The FDA say the controversial drug Ketek was too risky to treat those diseases and although it will remain on the market to treat pneumonia, stronger warnings about possible side effects such as blurred vision and loss of consciousness, will be placed on the drug's labels.
The FDA also says the drug in future will carry a "black box" warning, the strongest possible, against its use by patients with a disease known as myasthenia gravis that causes muscle weakness.
The latest warnings follow a year-long FDA investigation into reports of severe liver damage and death in some Ketek patients that sparked debate over the drug's safety and also over the agency's handling of its approval.
Ketek, known generically as telithromycin, already carried a bold warning for possible liver damage and has been linked to 14 cases of severe liver problems, including five deaths.
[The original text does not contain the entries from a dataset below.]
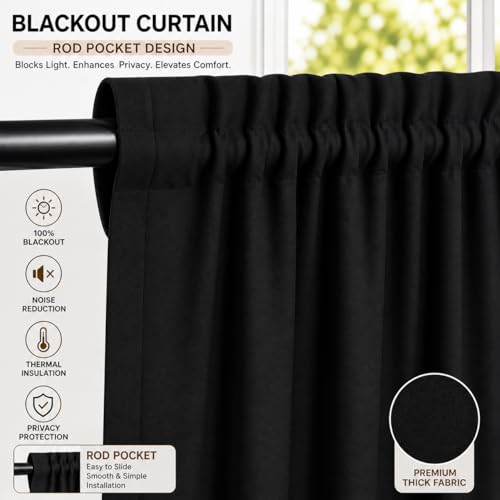 Image of Valance Blackout Rod Pocket Pattern Curtain Pack of 1 Piece, Kitchen Curtain | 3 Feet - Black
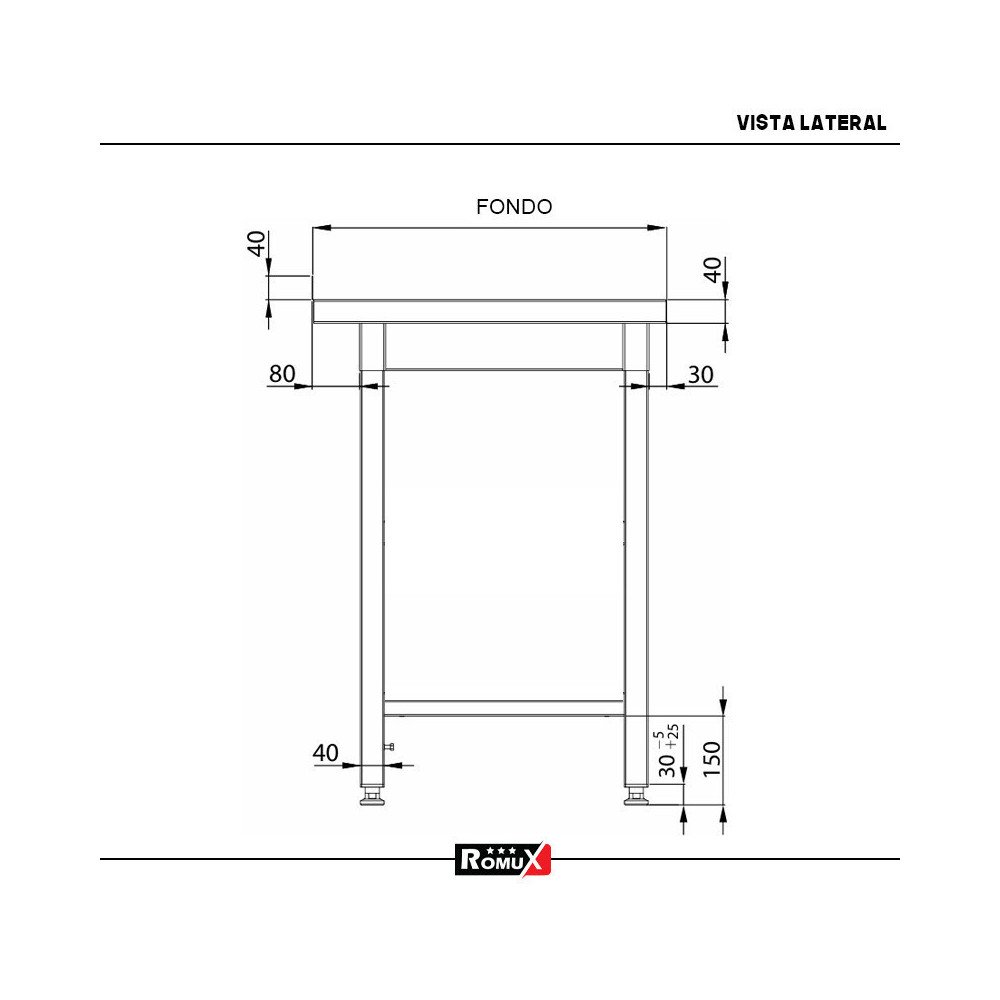 Mesa Central 2000x700x850 mm Desmontable | Gastroten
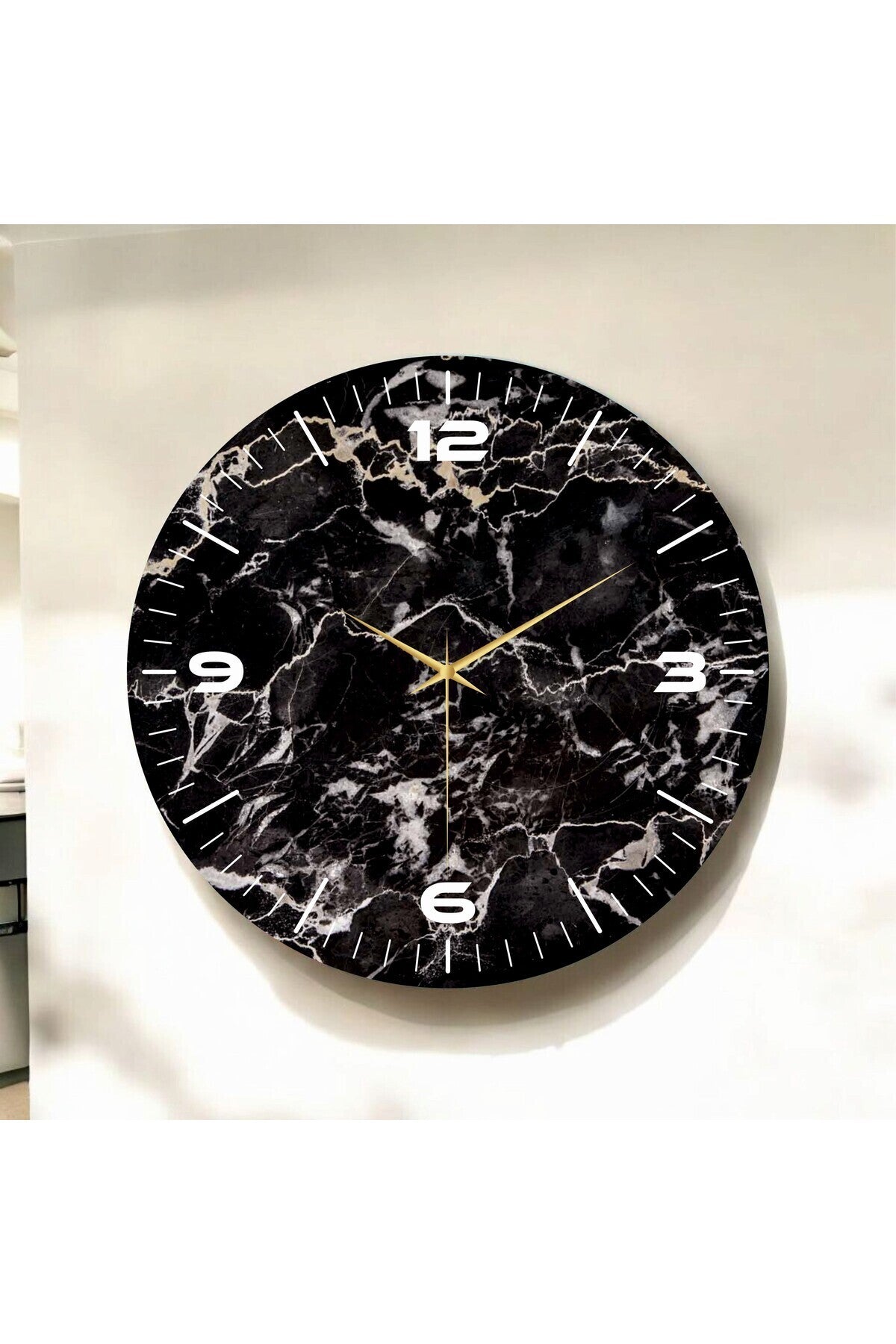 Renkli Baskı Mermer Desenli Sayılı Hediyelik Ahşap Sessiz Tablo Duvar Saati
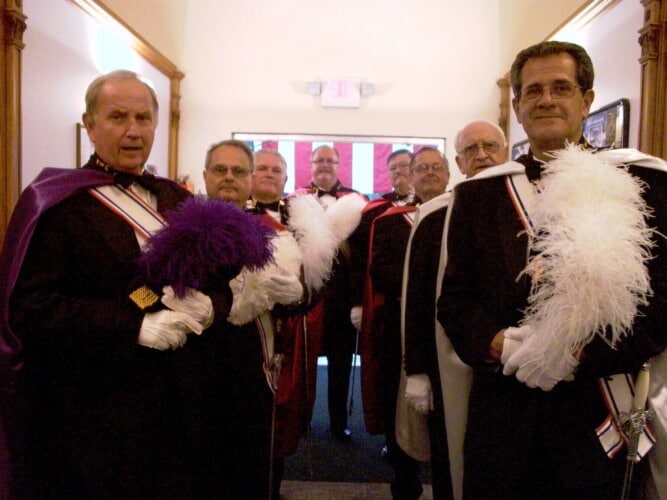 Knights of Columbus in full uniform at Bridgeville's 9/11 remembrance ceremony on Sept. 11, 2016.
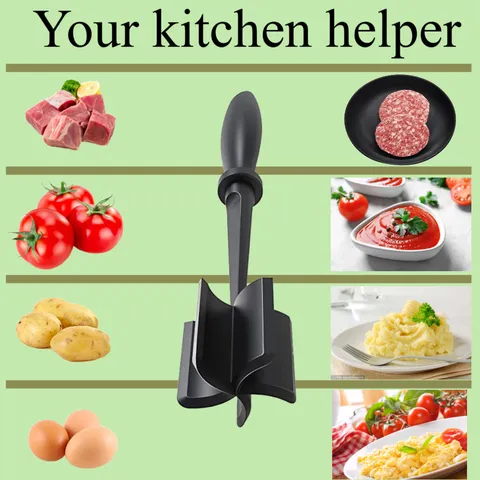 Tritacarne Manuale in Plastica Schiacciapatate per Alimenti a 5 Lame Strumento di Tritatura per Patate e Pomodori Gadget da Cucina Nero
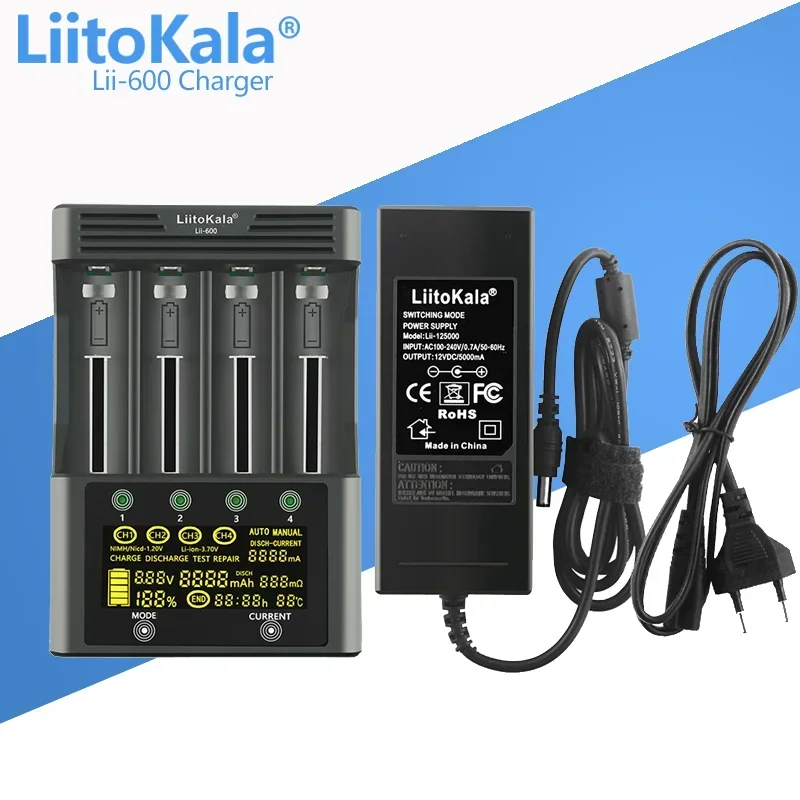 Lii-600 ładowarka LiitoKala do akumulatorów litowo-jonowych 3.7V i NiMH 1.2V nadaje się do 18650 26650 21700 26700 AA AAA 12 v5a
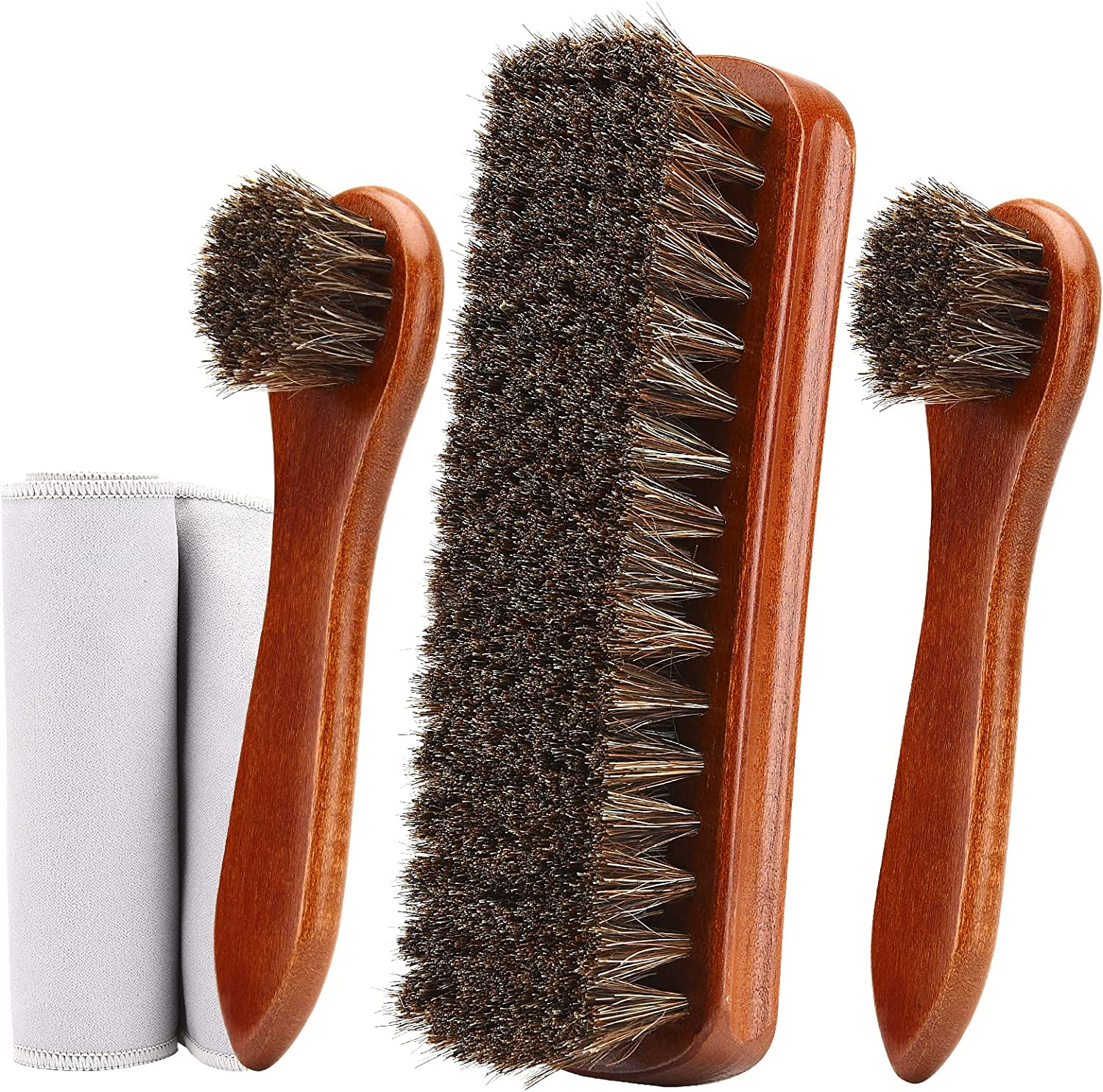 4-Piece Horsehair Shoe Brush Shine Kit, Shoe Polish Kit, Leather Shoes Boot Cleaning Brush Care Clean Dauber Applicators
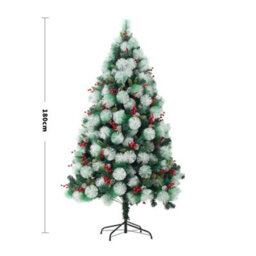 Living And Home 5.9 Ft Flocked Artificial Christmas Tree Natural Looking Xmas Tree With Pine Cones Berries Decoration - thumbnail 4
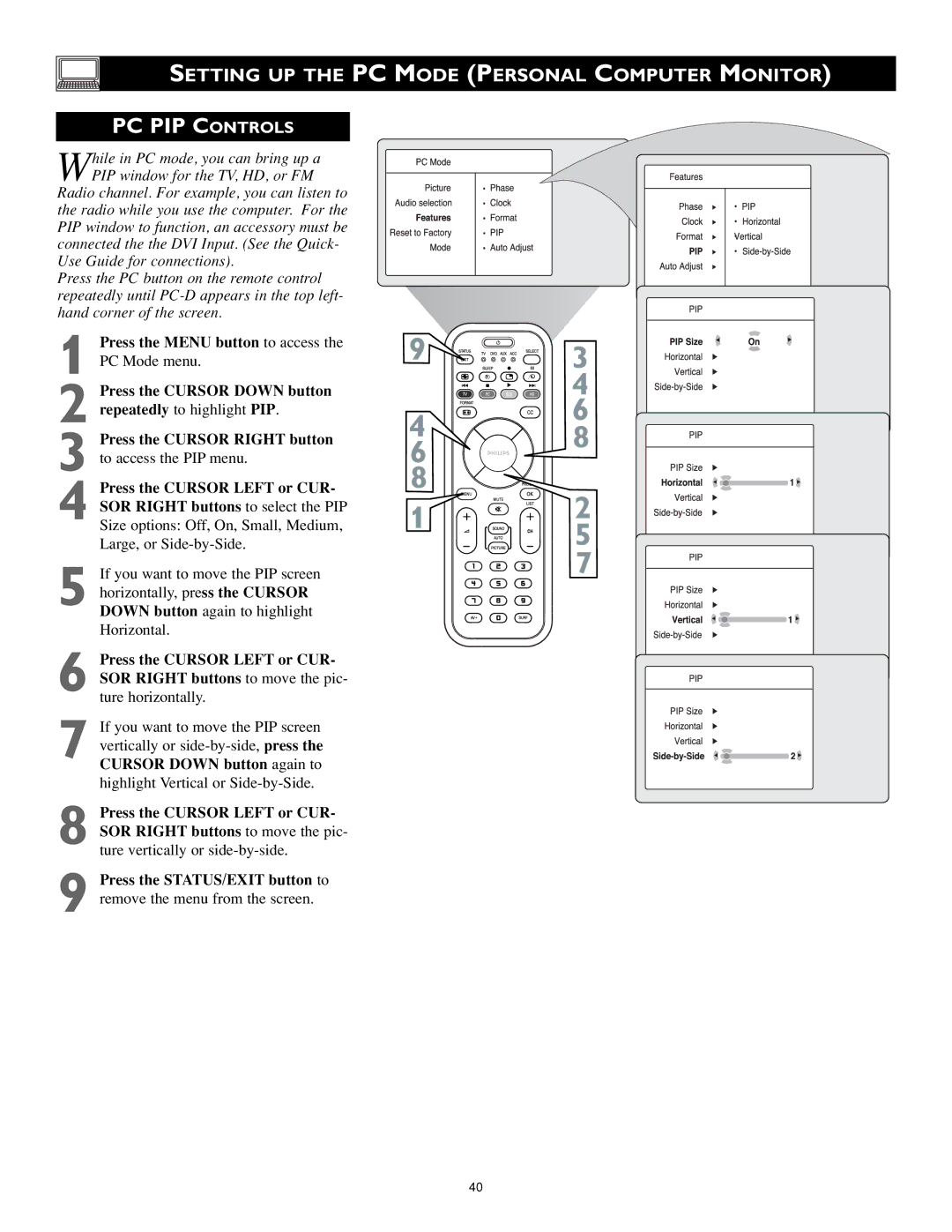 Philips 17PF9946/37 user manual PC PIP Controls 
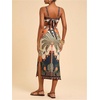 image:imageFloerns Womens Tropical Bow Tie Back Long Dress Sleeveless Split Vacation Maxi DressDark Blue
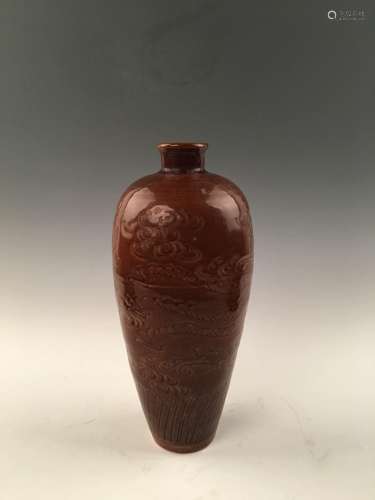 Chinese Brown Glazed  Meiping Vase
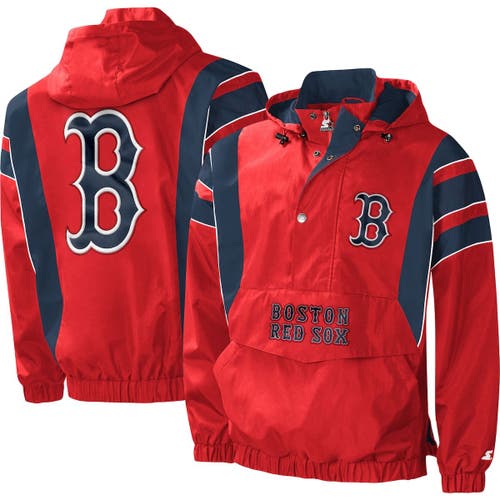 Men's Starter Red Boston Red Sox Impact Hoodie Half-Zip Jacket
The FDA announcement pre-empts a House Energy and Commerce subcommittee hearing on drug safety issues, including Ketek.
The subcommittee will examine irregularities in the approval of Ketek and the FDA's handling of the antibiotic also remains under investigation by the Senate.
Ketek, known generically as telithromycin, already carried a bold warning for possible liver damage.
The FDA has repeatedly been criticized by some for withholding information about Ketek's approval.
The agency cleared the drug in 2004 even though an investigation found a key safety study was tainted by fraud.
FDA officials said other data provided adequate reassurance.
Until late last year, doctors had prescribed the antibiotic more than 5.6 million times in the United States since it won FDA approval.
Ketek is produced by Paris-based drug company Sanofi Aventis.